DIRECTIONS FOR THIS TASK: Once every line in the data below has been checked for "bathroom", give the number of lines that hold it, and only that.

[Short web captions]
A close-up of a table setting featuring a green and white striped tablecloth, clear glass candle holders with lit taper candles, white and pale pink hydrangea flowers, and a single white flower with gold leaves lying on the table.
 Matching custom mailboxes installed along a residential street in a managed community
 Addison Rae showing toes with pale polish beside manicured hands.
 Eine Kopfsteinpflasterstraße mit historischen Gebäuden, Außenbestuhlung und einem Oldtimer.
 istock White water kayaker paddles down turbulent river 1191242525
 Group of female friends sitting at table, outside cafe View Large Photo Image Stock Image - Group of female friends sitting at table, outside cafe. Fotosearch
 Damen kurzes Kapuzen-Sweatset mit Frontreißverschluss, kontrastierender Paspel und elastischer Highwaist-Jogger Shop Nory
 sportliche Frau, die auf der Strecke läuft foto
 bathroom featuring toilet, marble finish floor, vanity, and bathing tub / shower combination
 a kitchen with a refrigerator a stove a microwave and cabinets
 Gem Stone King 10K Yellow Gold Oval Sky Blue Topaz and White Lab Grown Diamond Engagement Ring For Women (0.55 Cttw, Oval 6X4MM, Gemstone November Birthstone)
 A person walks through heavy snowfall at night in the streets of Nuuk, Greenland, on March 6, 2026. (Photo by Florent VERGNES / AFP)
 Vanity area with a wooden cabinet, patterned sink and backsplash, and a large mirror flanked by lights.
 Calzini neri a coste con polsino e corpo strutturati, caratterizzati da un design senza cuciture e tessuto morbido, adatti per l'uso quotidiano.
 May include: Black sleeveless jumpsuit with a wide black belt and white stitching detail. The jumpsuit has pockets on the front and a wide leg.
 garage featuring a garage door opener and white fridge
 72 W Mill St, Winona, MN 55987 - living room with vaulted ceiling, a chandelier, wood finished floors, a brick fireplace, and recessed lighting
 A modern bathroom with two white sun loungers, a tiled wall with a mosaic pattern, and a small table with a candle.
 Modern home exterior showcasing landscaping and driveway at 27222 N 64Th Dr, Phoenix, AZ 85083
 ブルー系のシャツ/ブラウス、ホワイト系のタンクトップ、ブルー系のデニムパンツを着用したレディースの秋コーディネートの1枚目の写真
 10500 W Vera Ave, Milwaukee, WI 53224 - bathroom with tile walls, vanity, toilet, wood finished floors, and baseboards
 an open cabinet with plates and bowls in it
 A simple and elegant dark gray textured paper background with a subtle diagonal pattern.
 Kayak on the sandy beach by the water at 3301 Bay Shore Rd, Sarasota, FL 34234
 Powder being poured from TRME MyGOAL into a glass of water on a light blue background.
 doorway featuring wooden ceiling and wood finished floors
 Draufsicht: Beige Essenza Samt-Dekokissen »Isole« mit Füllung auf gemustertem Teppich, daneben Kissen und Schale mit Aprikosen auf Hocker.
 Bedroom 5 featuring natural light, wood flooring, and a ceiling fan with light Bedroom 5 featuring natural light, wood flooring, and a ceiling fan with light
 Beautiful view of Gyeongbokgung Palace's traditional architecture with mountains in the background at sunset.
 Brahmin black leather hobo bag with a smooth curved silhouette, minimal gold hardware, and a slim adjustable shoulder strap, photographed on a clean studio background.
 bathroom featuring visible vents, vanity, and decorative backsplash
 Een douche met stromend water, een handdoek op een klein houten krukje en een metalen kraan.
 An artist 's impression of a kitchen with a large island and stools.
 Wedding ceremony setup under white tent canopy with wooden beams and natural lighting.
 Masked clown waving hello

FINAL ANSWER: 4